Did City Of North Augusta Violate Freedom of Information Act With Meetings About Project Jackson?

Artist's rendering of what Project Jackson in North Augusta will look like once finished.
Artist's rendering of what Project Jackson in North Augusta will look like once finished.

South Carolina Supreme Court justices are expected to have a decision on the Project Jackson case by the middle of July.

The court will rule on whether the financing plan for the project was done correctly, but that’s not the only part of the case the justices will rule on.

As part of River Club homeowner’s Steve Donohue’s lawsuit against the city, he’s questioning if city leaders met behind closed doors to discuss Project Jackson, which would be a possible violation of the Freedom of Information Act (FOIA).

During Tuesday’s hearing, the justices had a lot of questions about the city’s use of executive sessions.
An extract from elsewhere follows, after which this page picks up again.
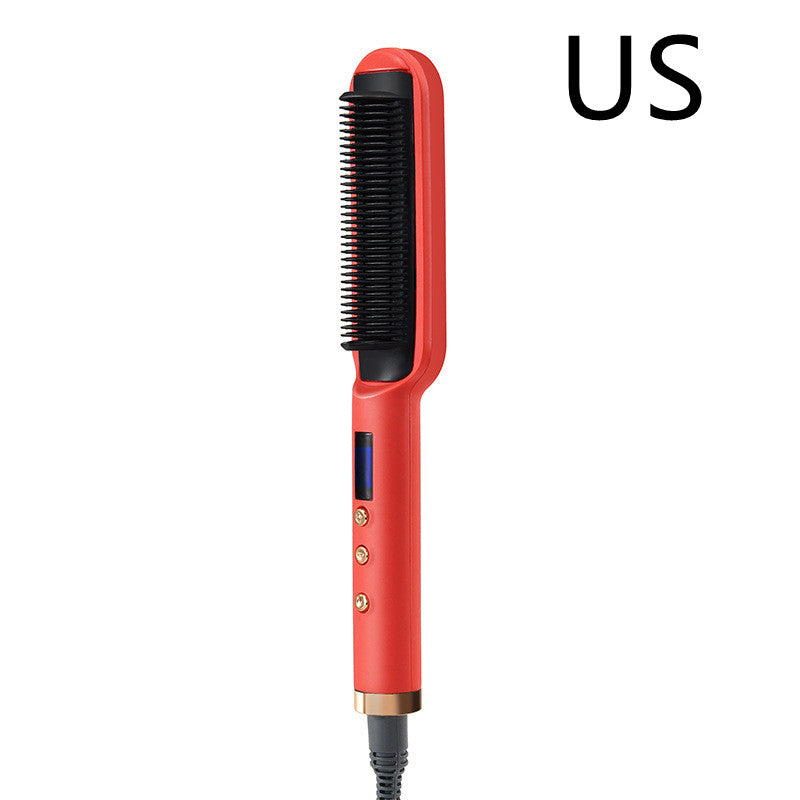 Negative Ion Straight Curling Dual-purpose Electric Heating Hair Straightening Comb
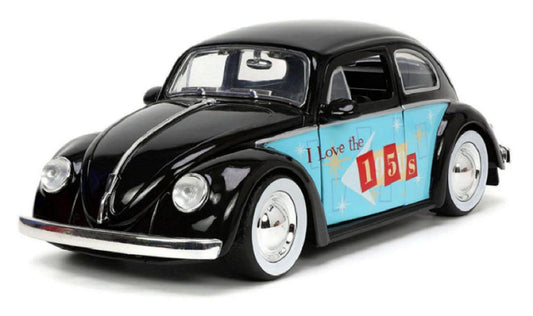 I Love The - 50's 1959 Volkswagon Beetle 1:24 Scale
Donohue and his attorney say the city would meet about Project Jackson, but never announce it during public meetings.

The city’s attorney says that council members were talking about contracts though, which is something that state law allows behind closed doors.

City leaders say they need to be able to conduct that type of business in executive session.

If the South Carolina Supreme Court finds that the city did violate the FOIA, Donohue and his attorney are requesting that the city pay for their attorney fees, that the city ordinance be nullified, and that the case be sent back down to the lower courts.